Нет сомнения, что собственные достоинства всегда преувеличиваешь; приписываешь их себе даже тогда, когда совсем их не имеешь.
Пятница. 18 августа. Мы не застали Бастьена дома; я оставила ему записку и мельком взглянула на то, что он привез из Лондона. Там, между прочим, есть маленький мошенник рассыльный, который стоит опершись на тумбу; кажется, что слышишь стук проезжающих мимо экипажей. Фон совсем не отделан, но фигура! Что это за человек? О, как глупы те, которые признают в нем одну только технику. Это могучий, оригинальный художник: он поэт, философ: остальные перед ним — ремесленники… После его картин, никакие другие не нравятся, ибо его картины прекрасны, как сама жизнь, как сама природа.

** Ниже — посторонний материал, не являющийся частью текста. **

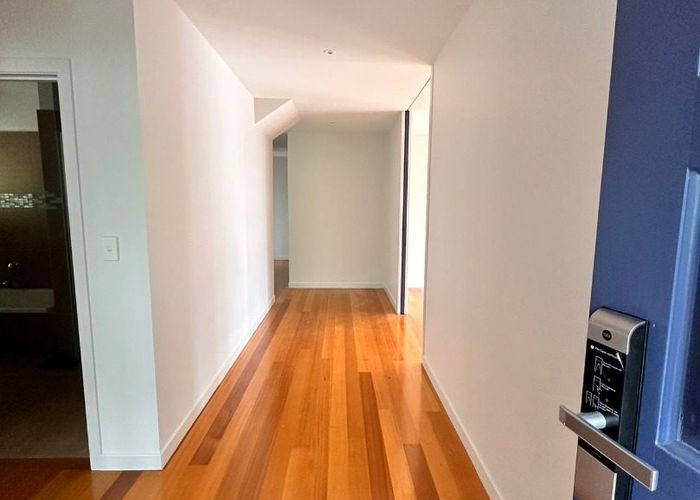  at 30 Temple Street, Meadowbank, Auckland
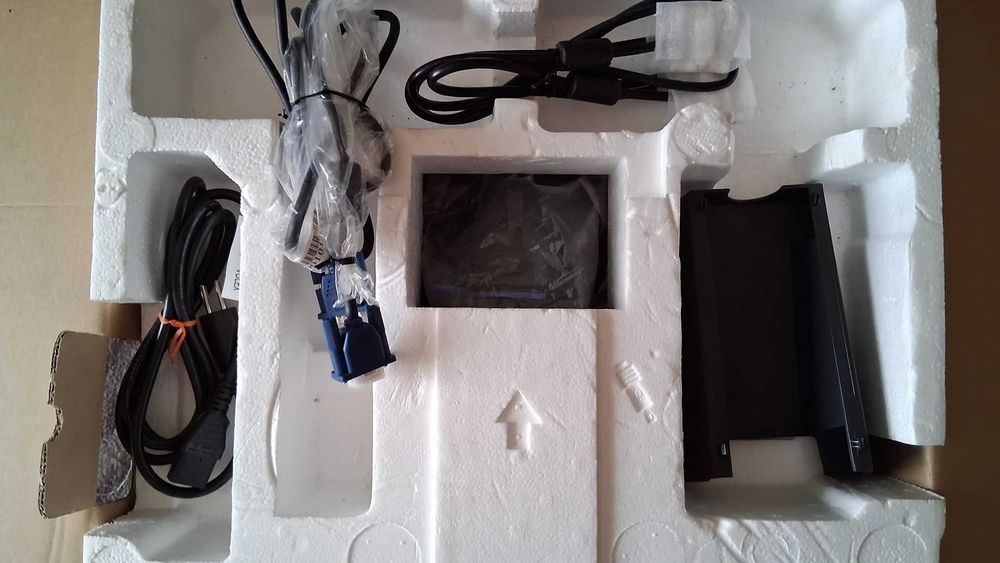 Monitor LCD Lenovo 19"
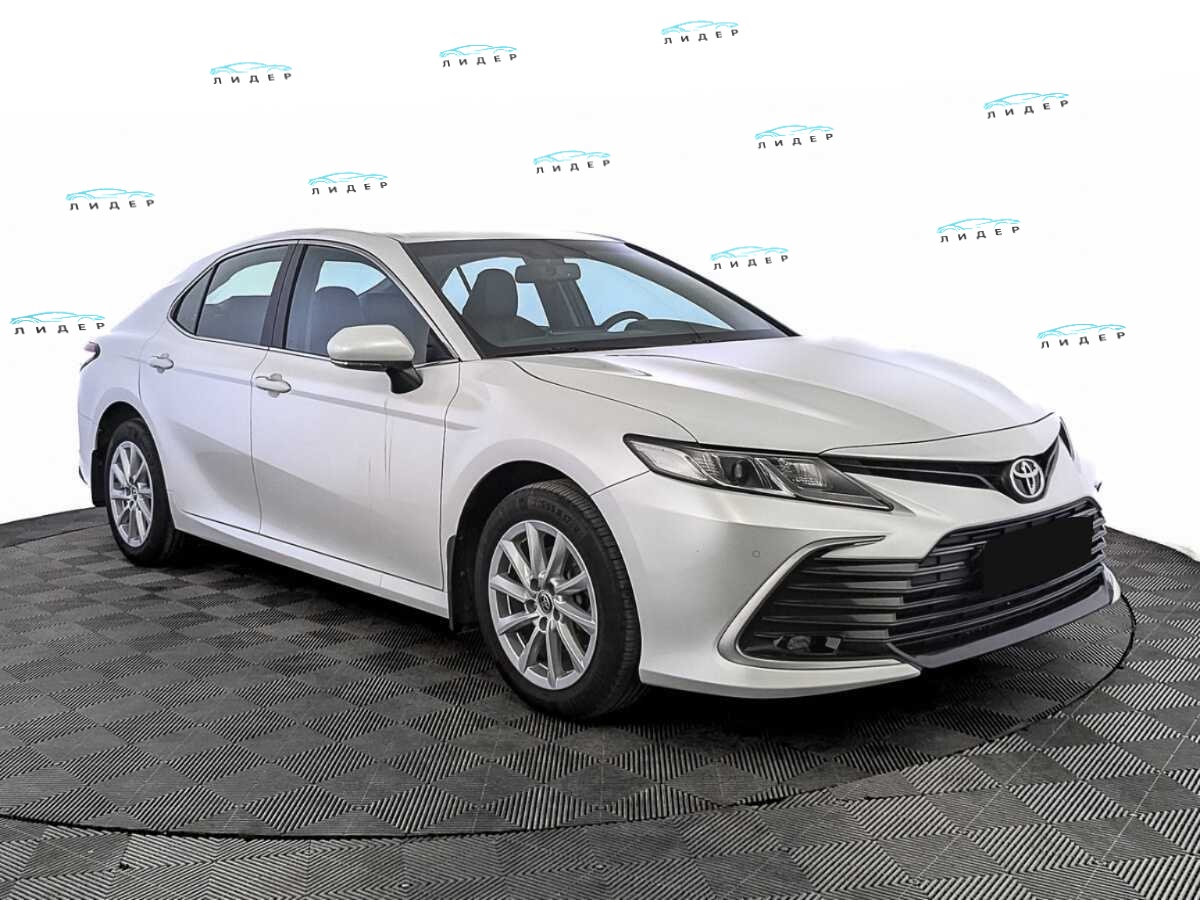 Б/У Тойота Камри 2021 года. Фото: #2
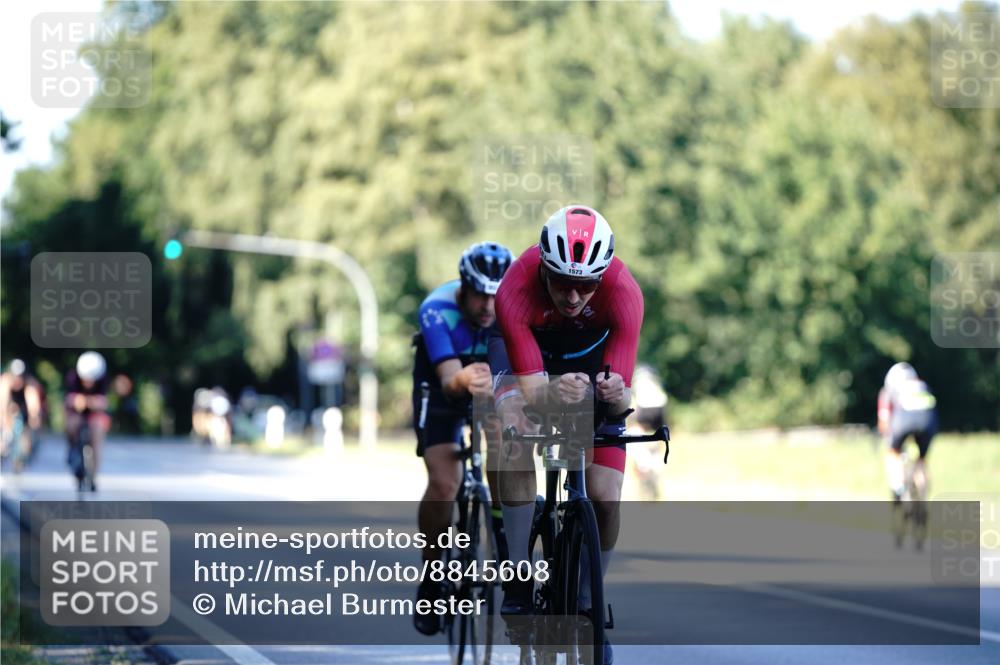 07.09.2025 - 19. Norderstedt Triathlon Michael Burmester http://msf.ph/oto/8845608 07.09.2025 16:05:50 Radfahren 902, 1460, 1573 meine-sportfotos.de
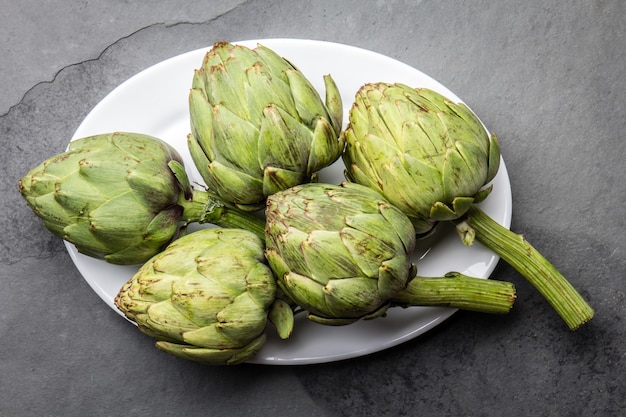 Alcachofa fresca en un plato blanco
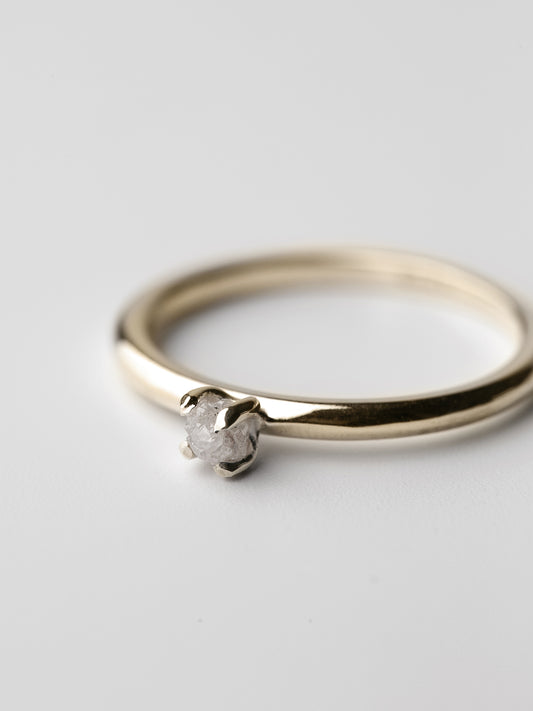 Каблучка з алмазом в лапках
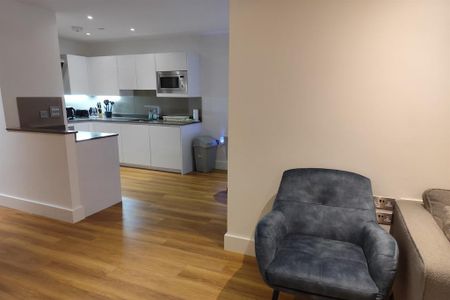 1 bedroom flat to rent - Photo 2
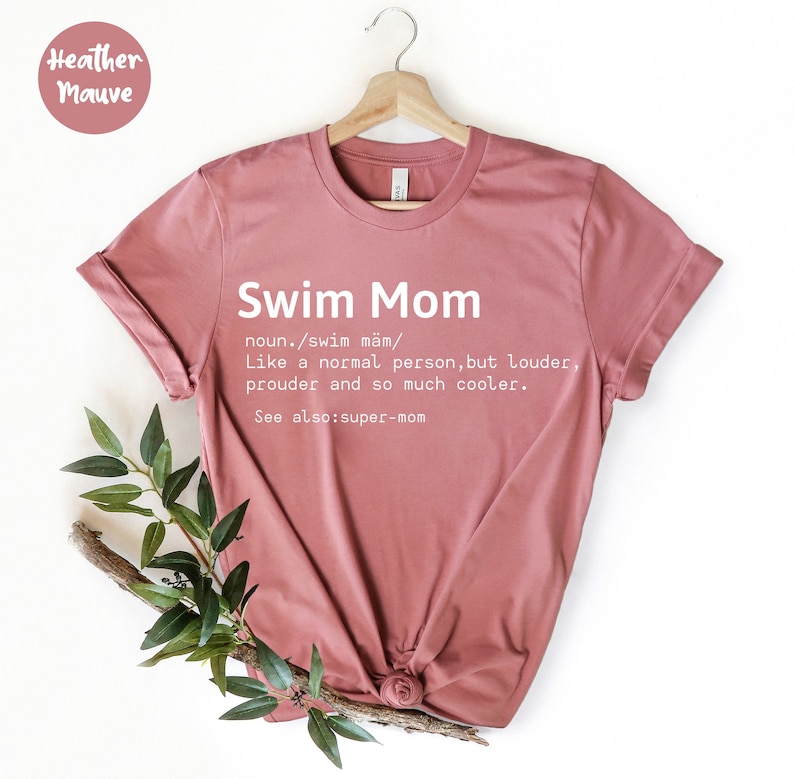 Koszulka Swim Mom - Koszulka do pływania damska - Koszulka do pływania trenera - Prezent do pływania - Koszulka do pływania - Prezent do pływania - Koszulka do pływania - Prezent dla pływaka - Koszulka do pływania zdjęcie 2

Ha днях Тони принужден был согласиться со мной в том, что нужно быть великим художником, чтобы копировать природу и что только великий художник, может понять и передать ее. Идеальная сторона должна заключаться в выборе сюжета, что до выполнения, то оно должно быть в полном смысле слова то, что невежды называют натурализмом.

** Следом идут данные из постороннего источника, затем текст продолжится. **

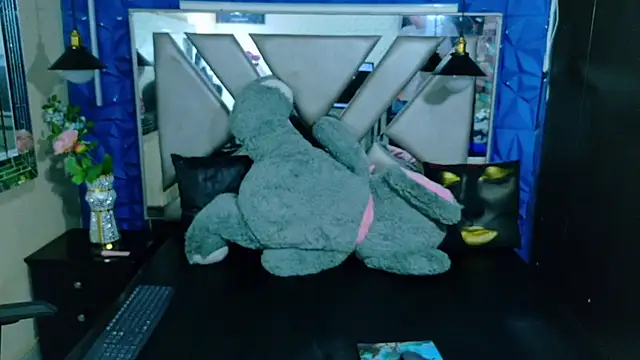 TemptationDual online show from January 12, 7:53 pm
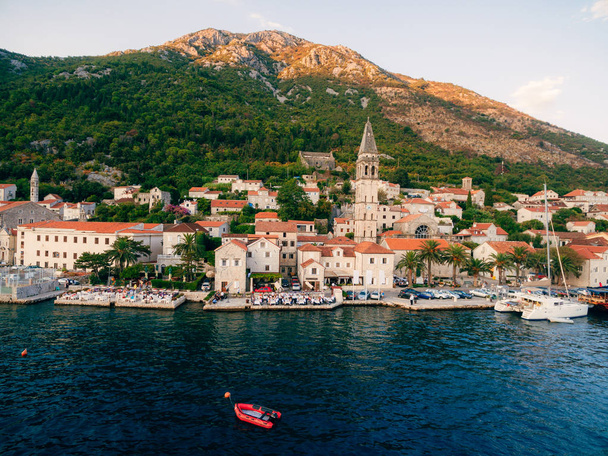 Eski şehir, Perast Kotor Koyu'ndaki, Karadağ kıyısında. Adriyatik ve Balkanlar'ın antik mimarisi. Avrupa'nın balıkçı şehirler. - Fotoğraf, Görsel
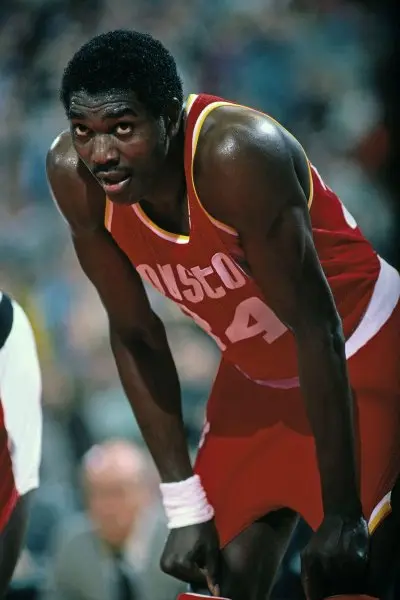 99+ ảnh Hakeem Olajuwon, biểu tượng của bóng rổ Nigeria 47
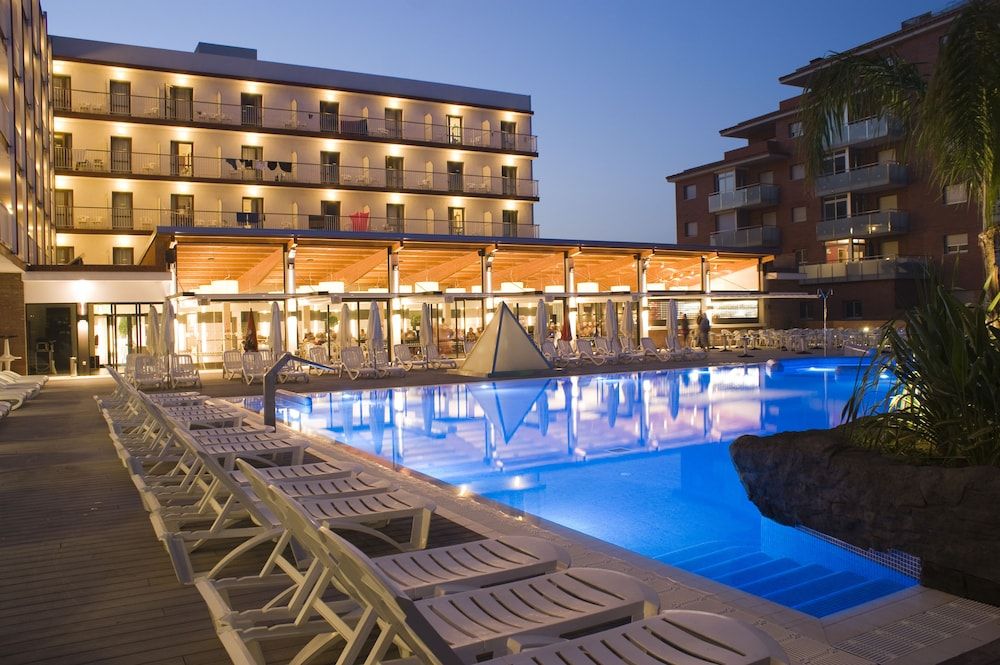 🌟COSTA BRAVA en FAMILIA🌟Hotel Papi Blau 4* con Desayuno en Malgrat de Mar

Там есть также набросок маленького портрета Коплена старшего… я окаменела при виде его — это его гримаса, его руки шевелятся, он говорит, он подмигивает!

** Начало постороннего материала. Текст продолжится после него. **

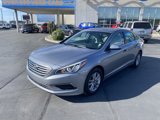 Used 2016 Hyundai Sonata SE image 2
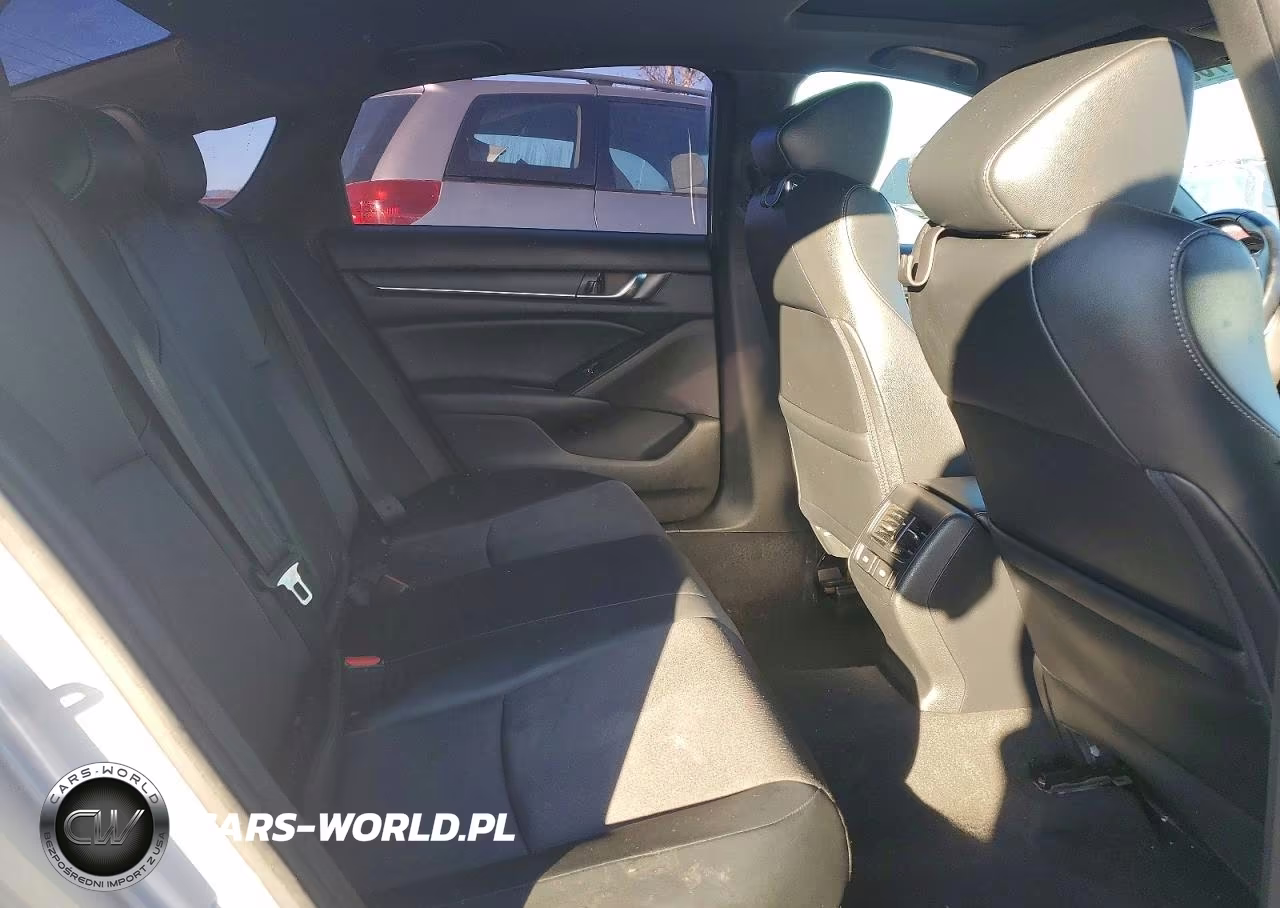 2022 Honda Accord VIN:1HGCV2F39NA004529 - 10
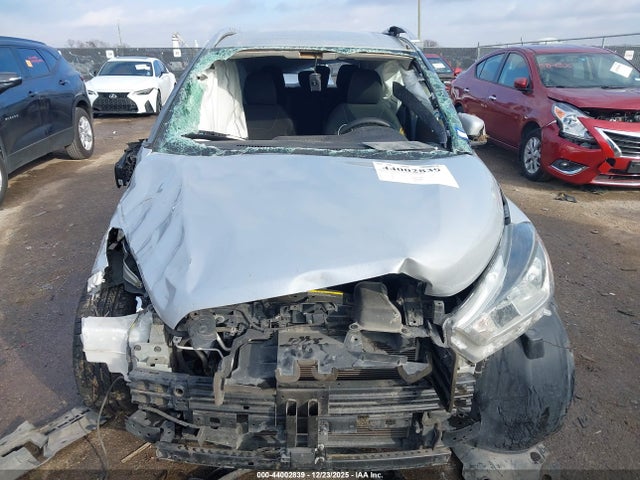 2020 Nissan Kicks Sv Xtronic Cvt მანქანა იყიდება აუქციონზე, vin: 3N1CP5CV7LL547189, აუქციონის ნომერი: 44002839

Понедельник, 24 августа. Я готова… растерзать весь мир! Я ничего не делаю. А время уходит; вот уж четыре дня как я не позировала. Я начала этюд под открытым небом, но дождь идет, и ветер все опрокидывает: я ничего не делаю.
Я вам говорю, что схожу с ума перед этой пустотой! Говорят, что эти мучения доказывают, что я не ничтожество. К сожалению, нет! Они доказывают только, что я умна и все понимаю…
Впрочем, я пишу три года.
Дураки думают, что для того, чтобы быть «современным» или реалистом, достаточно писать первую попавшуюся вещь, не аранжируя ее. Хорошо, не аранжируйте, но выбирайте и схватывайте, в этом все.
Среда, 23 августа. Вместо того, чтобы прилежно работать над каким-нибудь этюдом, я гуляю. Да, барышня совершает артистические прогулки и наблюдает!
Я перечла на английском языке одну вещь Уйда, женщины не особенно талантливой; она называется «Ариадна».
Эта книга создана для того, чтобы волновать до последней степени; я двадцать раз готова была перечесть ее вот уже в продолжении трех лет; но всякий раз я отступала, зная, как волновала и будет всегда волновать меня эта вещь. Там говорится о любви и искусстве, и дело происходит в Риме — три вещи, из которых каждая в отдельности достаточна, чтобы увлечь меня и наименьшая из них — любовь. Можно было бы исключить из книги все, что говорится о любви, и она тем не менее способна была бы свести меня с ума. К Риму я чувствую обожание, страсть, уважение, ни с чем несравнимые. Ибо Рим художников и поэтов, настоящий Рим, вовсе не соединяется в моем представлении с светским Римом, который доставил мне страдания. Я помню только поэтический и артистический Рим, перед которым я преклоняюсь.
В этой книге говорится о скульптуре; я постоянно готова заниматься ею.
О, дивная сила искусства! О, божественное, несравненное чувство, которое может заместить вам все! О, высочайшее наслаждение, которое поднимает вас высоко над землею! С прерывающимся дыханием и с полными слез глазами я падаю ниц перед Богом, умоляя его о помощи.
Это сведет меня с ума; я хочу делать десять различных вещей зараз: я чувствую, верю, понимаете-ли, верю в то, что сделаю что-нибудь выдающееся. И душа моя уносится на неведомые высоты.